Ключи счастья. Алексей Толстой и литературный Петербург - [149]
Важно что перед нами повторяющаяся ситуация: как и в 1923 году, Толстой в 1935 году опять только что вернулся из Парижа и опять, вопреки ожиданиям и надеждам тех в этой интеллигентской компании, кто все еще ностальгировал по прежней жизни и утраченным связям с европейской культурой, он рассказывает о Париже несусветные гадости.
Однако вспомним, что и в самом начале литературной карьеры, в 1910 году, Толстой уже рассказывал о Париже, где успел прожить десять месяцев, совершенно то же самое!

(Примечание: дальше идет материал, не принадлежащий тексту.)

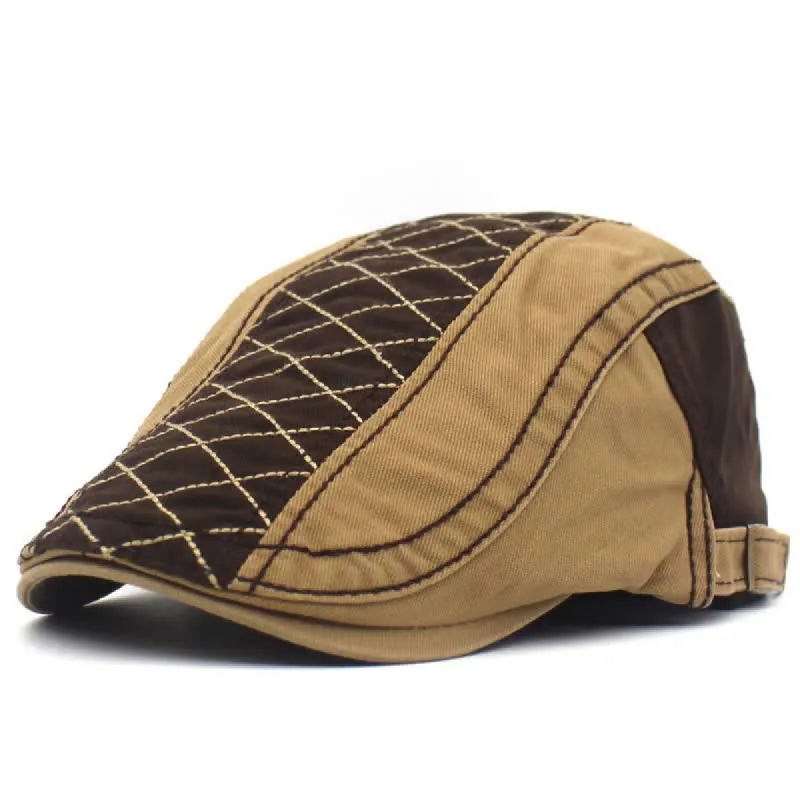 Vintage Embroidery Plaid Patchwork Beret Cap sold by FloralTrip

Блок, пообщавшись с литературной молодежью, записал: «Тяжелый и крупный Толстой рассказывает, конечно, о том, как кто кого побил в Париже». «Конечно»! То есть это была тогдашняя толстовская «пластинка», все уже привыкли, что Толстой не о музеях и не о салонах парижских говорит, а о драках и дебошах. Так что любые новые рассказы о Париже для Толстого неизбежно подключались к этой его собственной традиции.
О парижских художниках он учился писать в рассказах и романах 1910–1911 годов, а имидж свой строил, специально культивируя то, что отличало его от остальной литературной молодежи: грубость и хулиганство. Вот откуда ерничество Толстого: это его маска, созданная им в самом начале литературной жизни, чтобы не подражать, а порезче отличаться от друга-врага Гумилева и от боготворимого, но не любящего его Блока.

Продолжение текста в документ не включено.